Beginning with the line that contains "20/26 バルコニー", reproduce every line through the end of the records below exactly, and leave the pictures out.

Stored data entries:

•••

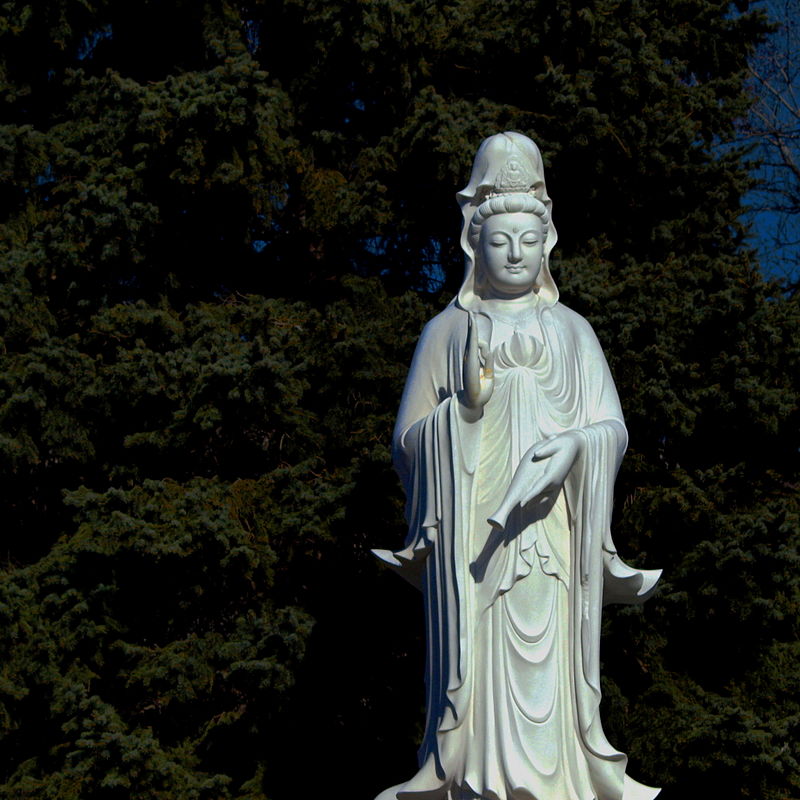 Tượng Quán Thế Âm, chùa Trúc Lâm, Chicago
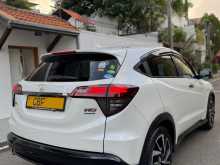 https://riyasewana.com/uploads/honda-vezel-rs-2019-1415304012843.jpg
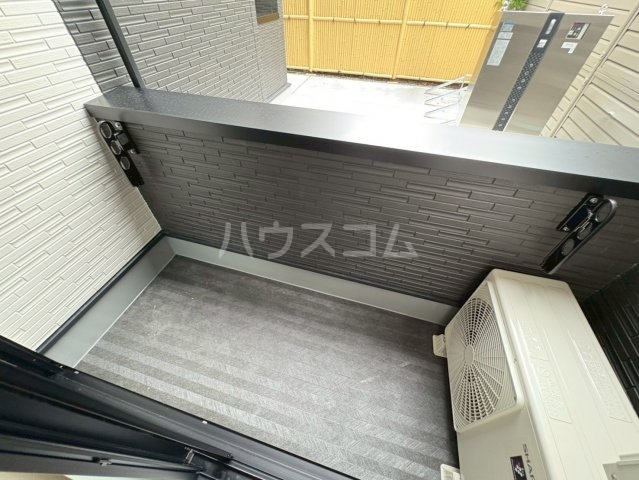 20/26 バルコニー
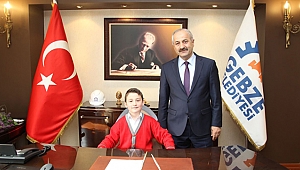 Zinnur Büyükgöz, koltuğunu devretti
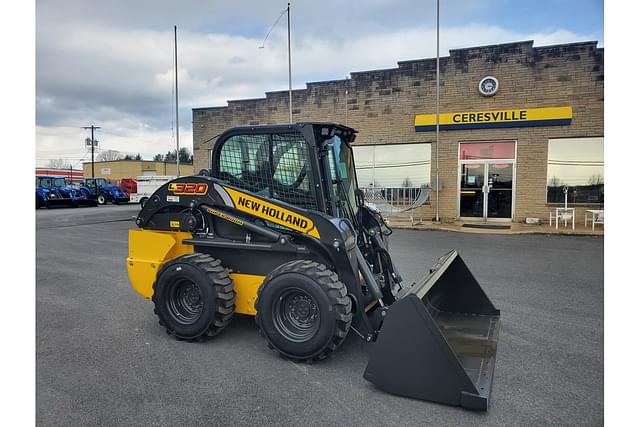 Image of New Holland L320 equipment image 1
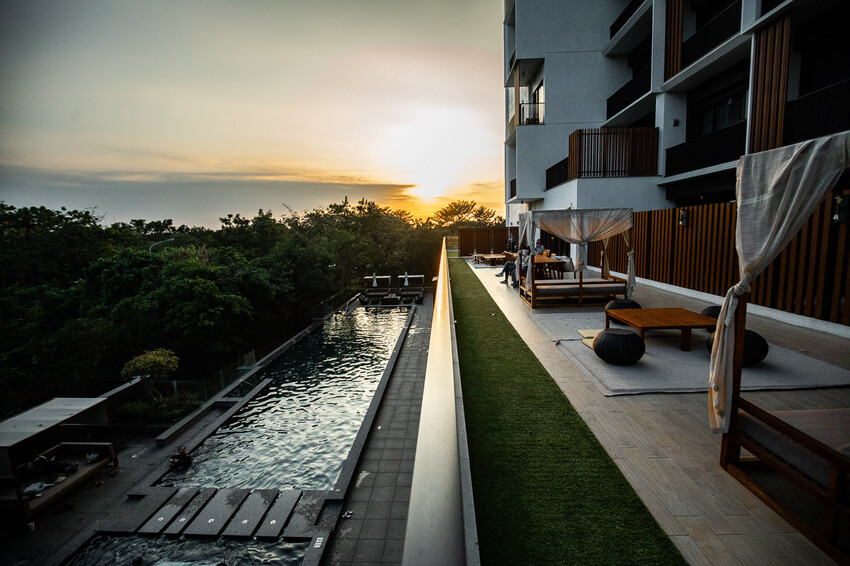 台南市仁德區捷絲旅台南虎山館｜宛如峇里島烏布雨林無邊際泳池！設計感十足渡假飯店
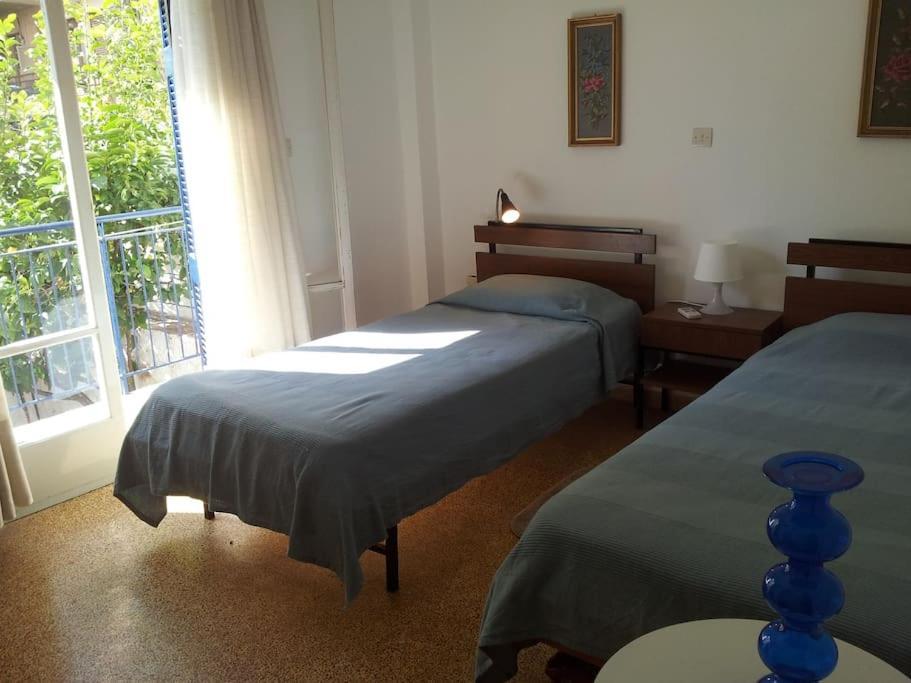 Cozy Seaside Apartment Loutraki Esterno foto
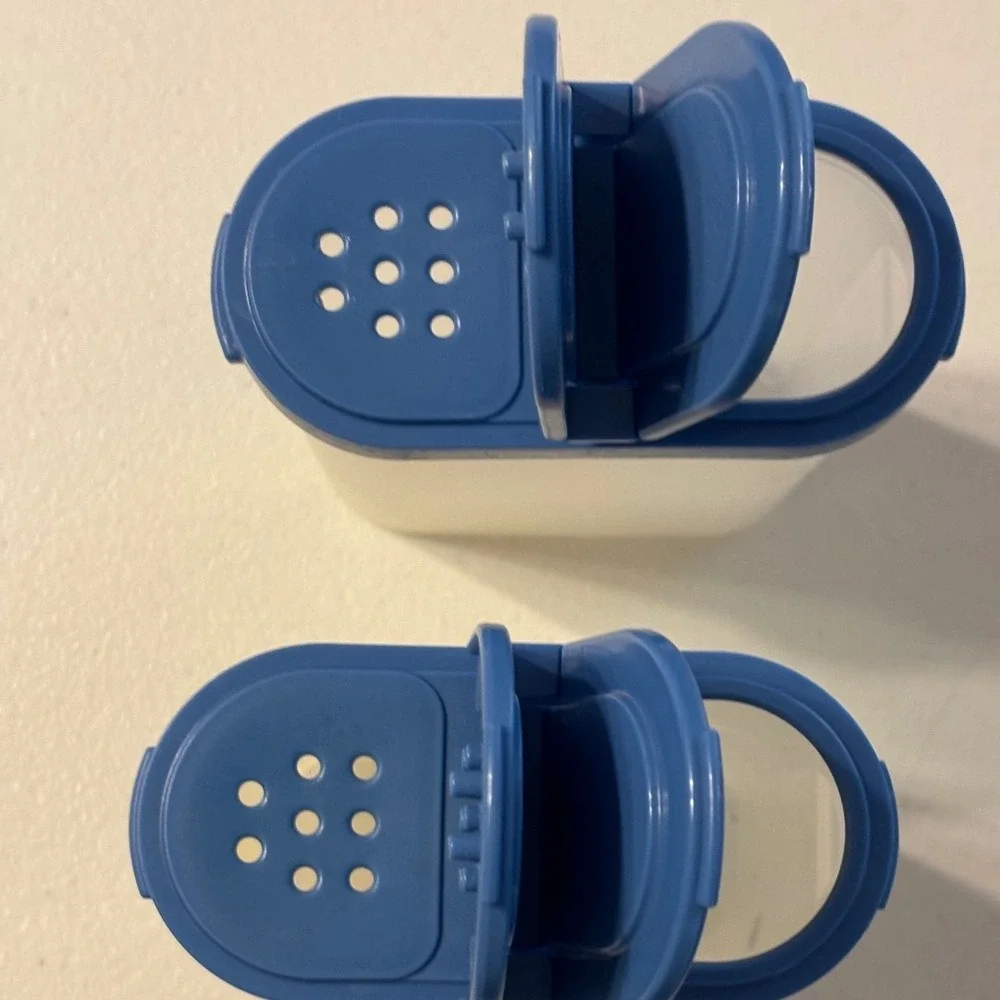 2 Tupperware Spice Shakers Blue Lid Frosted Clear Plastic Made in‎ USA Preowned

•••

- **Written solution**:
 20/26 バルコニー
 Zinnur Büyükgöz, koltuğunu devretti
 Image of New Holland L320 equipment image 1
 台南市仁德區捷絲旅台南虎山館｜宛如峇里島烏布雨林無邊際泳池！設計感十足渡假飯店
 Cozy Seaside Apartment Loutraki Esterno foto
 2 Tupperware Spice Shakers Blue Lid Frosted Clear Plastic Made in‎ USA Preowned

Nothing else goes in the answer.